For first home buyers

As previously reported by Smart Property Investment, more first home buyers are set to benefit from 5 per cent home loan deposits

The scheme was first implemented in response to a Morrison government election promise – but with more than half of the 10,000 allocated places for the 2020-21 financial year being snapped up in the first three months alone, it was clear the scheme is a popular one with first home buyers.

The First Home Loan Deposit Scheme (FHLDS) allows eligible applicants to purchase a home (within certain price restrictions based on location) with a deposit of just 5 per cent, without paying lender’s mortgage insurance.

The opening up of 10,000 new places in the scheme does have a tighter set of requirements than the initial scheme, being restricted to the building of a new home or purchase of a newly built home.

Mr Frydenberg said the additional guarantees will be available until 30 June 2021 “and will drive more construction and support jobs as part of our economic recovery plan”.

For affordable housing

The federal government has also indicated that it will be extending its guarantee for the National Housing Finance and Investment Corporation (NHFIC) by a further $1 billion in low-cost finance, which will go towards the construction of more affordable housing for those who need it – boosting jobs, construction and access to housing.

A further $150 million will be put towards the Indigenous Home Ownership Program, which will see the construction of new homes in regional areas and the creation of more jobs while helping “hundreds of indigenous families buy their own home”, Mr Frydenberg said.

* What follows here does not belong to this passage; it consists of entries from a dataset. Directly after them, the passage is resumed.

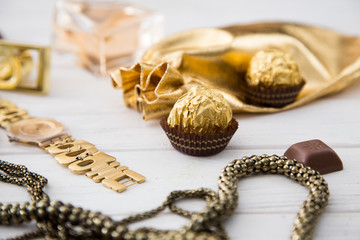 Naklejka premium Women's set of accessories and sweets in golden color 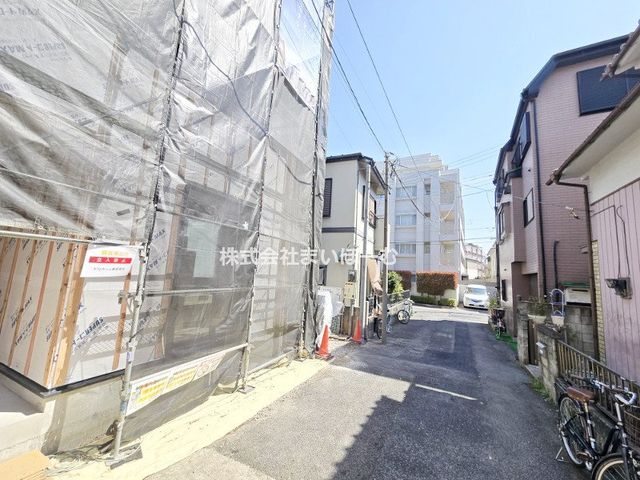 ��ʌ�����s�씵���J4���ڂ̐V�z��ˌ��Ă̌��n�O�ώʐ^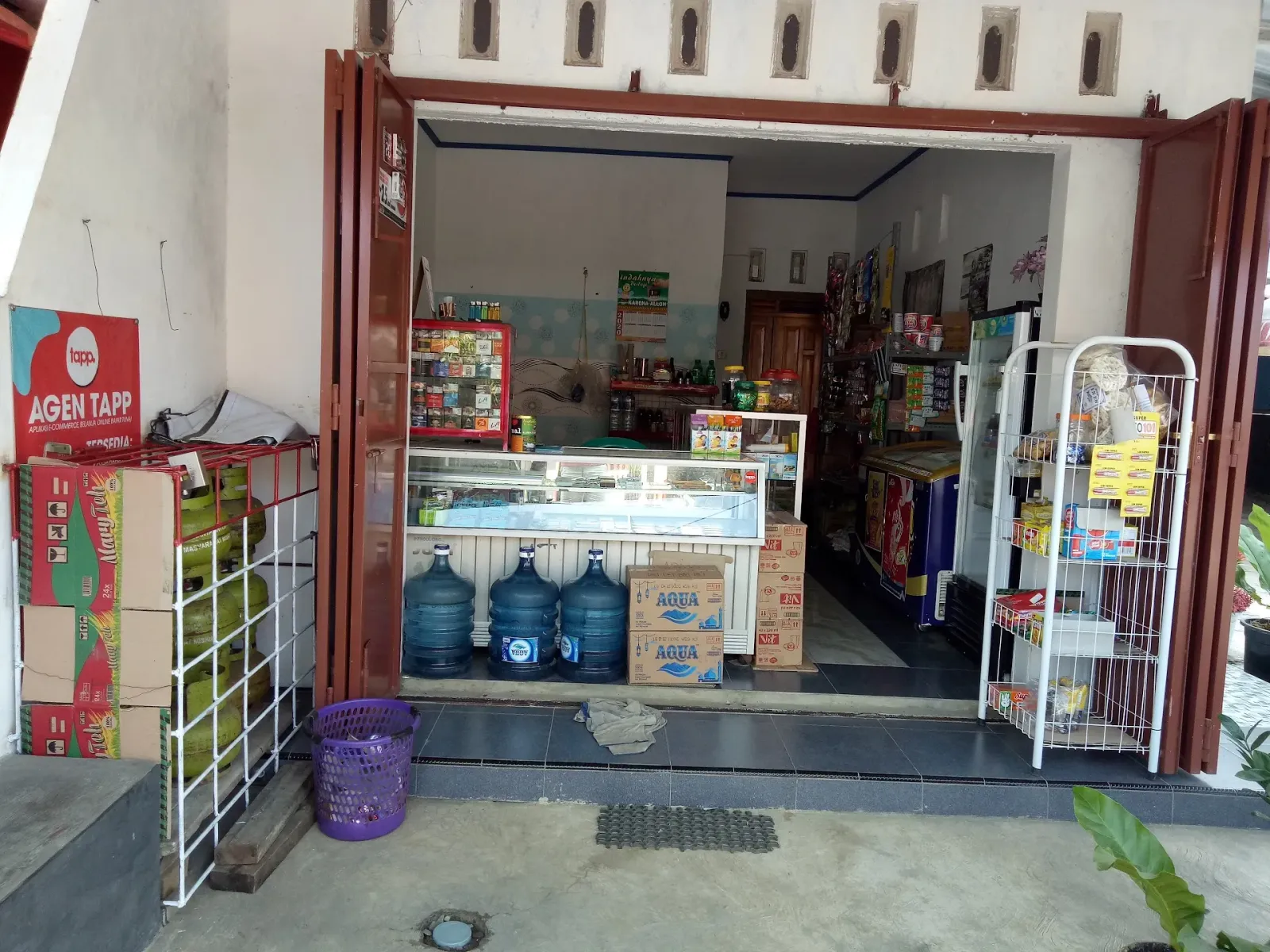 KEDAI PULSA SIMPANG TIGA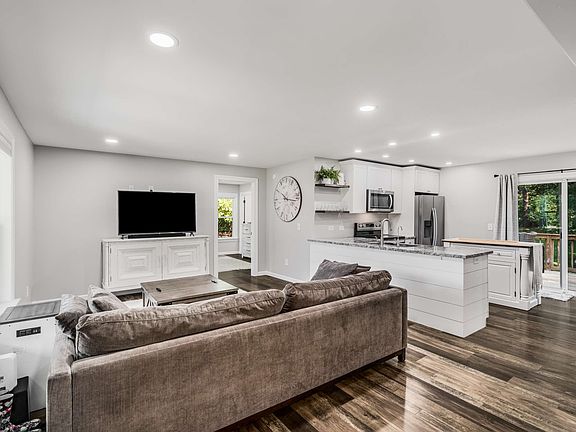 5th image of 7186 Brush Creek Rd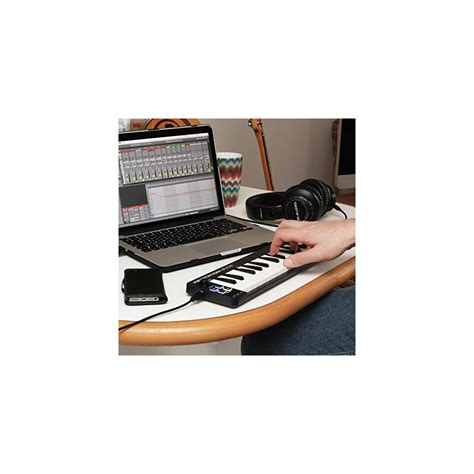 M-Audio Keystation Mini 32 MK3 - AudioWorks.cz - Hudební nástroje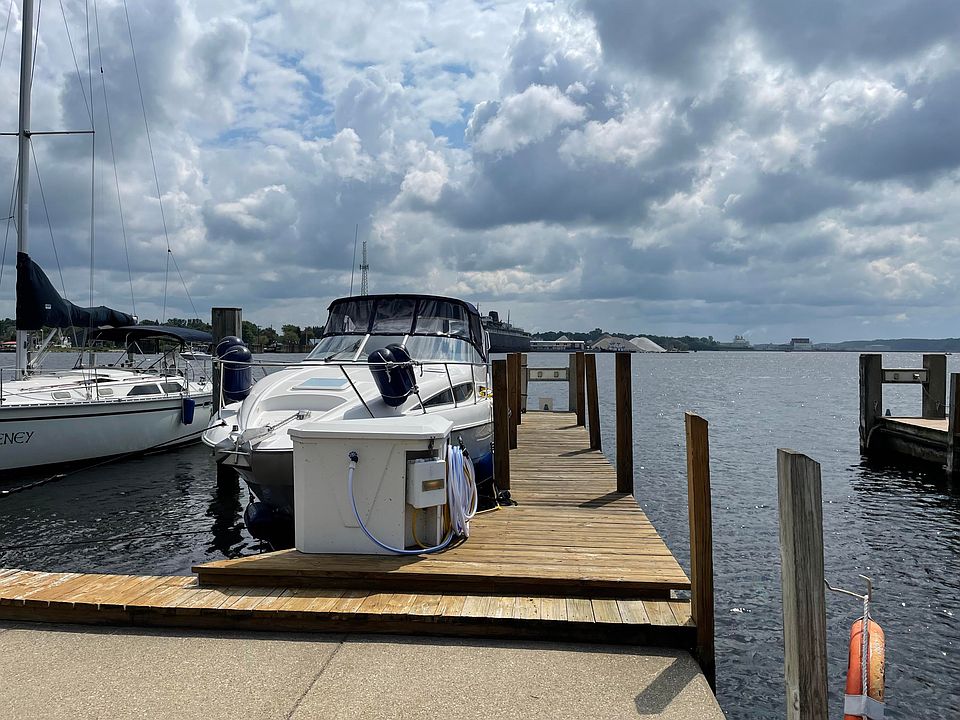 1st image of 10 Harbor Dr Slip 9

For granny flat tax breaks

Although providing an “unquantifiable impact on receipts over the forward estimates period”, the budget has also outlined the provision of a targeted capital gains tax (CGT) exemption for granny flat arrangements – where there is a formal written agreement.

According to the Treasury, this exemption will apply to arrangements with older Australians or individuals with a disability, with the measure to take effect from the first income year after the date of Royal Assent of the enabling legislation.

The government outlined that CGT consequences are currently an impediment to the creation of formal and legally enforceable granny flat arrangements.

“When faced with a potentially significant CGT liability, families often opt for informal arrangements, which can lead to financial abuse and exploitation in the event that the family relationship breaks down.”

It is hoped the measure will reduce the risk of abuse to vulnerable Australians, and is consistent with recommendations from the Board of Taxation’s Review of Granny Flat Arrangements, the government’s National Plan to Respond to the Abuse of Older Australians, and the 2017 Australian Law Reform Commission’s Report: Elder Abuse – A National Legal Response.